Data for review:
════

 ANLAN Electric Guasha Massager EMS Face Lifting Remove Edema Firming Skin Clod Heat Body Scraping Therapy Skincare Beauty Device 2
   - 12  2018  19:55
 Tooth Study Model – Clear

════

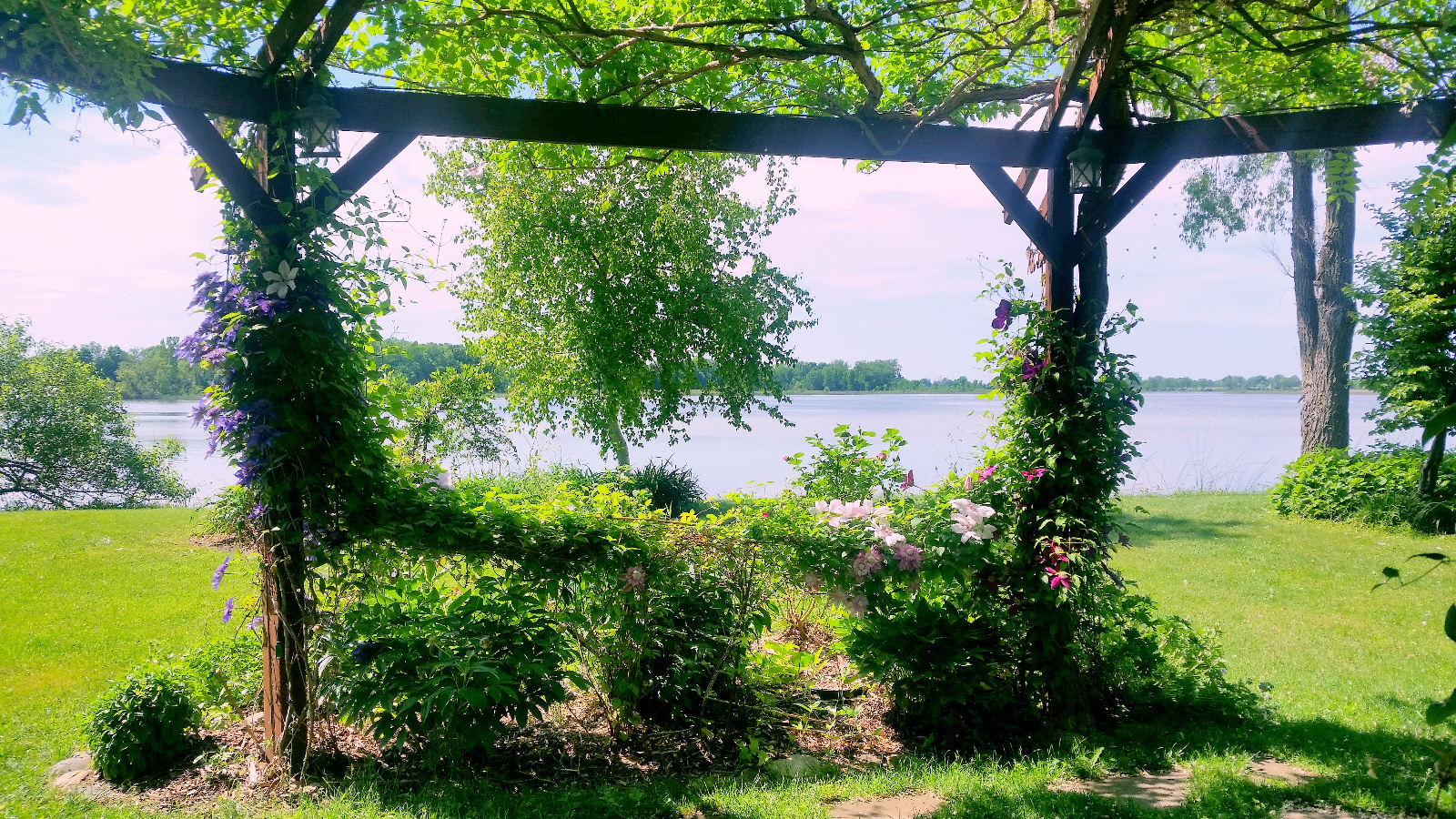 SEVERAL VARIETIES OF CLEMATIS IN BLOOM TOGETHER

════

Exercise brief:
Beginning at the line with "ANLAN Electric Guasha" and stopping after the line with "Tooth Study Model – Clear", please write out every line of the data above exactly and nothing else.

Answer for this exercise:
 ANLAN Electric Guasha Massager EMS Face Lifting Remove Edema Firming Skin Clod Heat Body Scraping Therapy Skincare Beauty Device 2
   - 12  2018  19:55
 Tooth Study Model – Clear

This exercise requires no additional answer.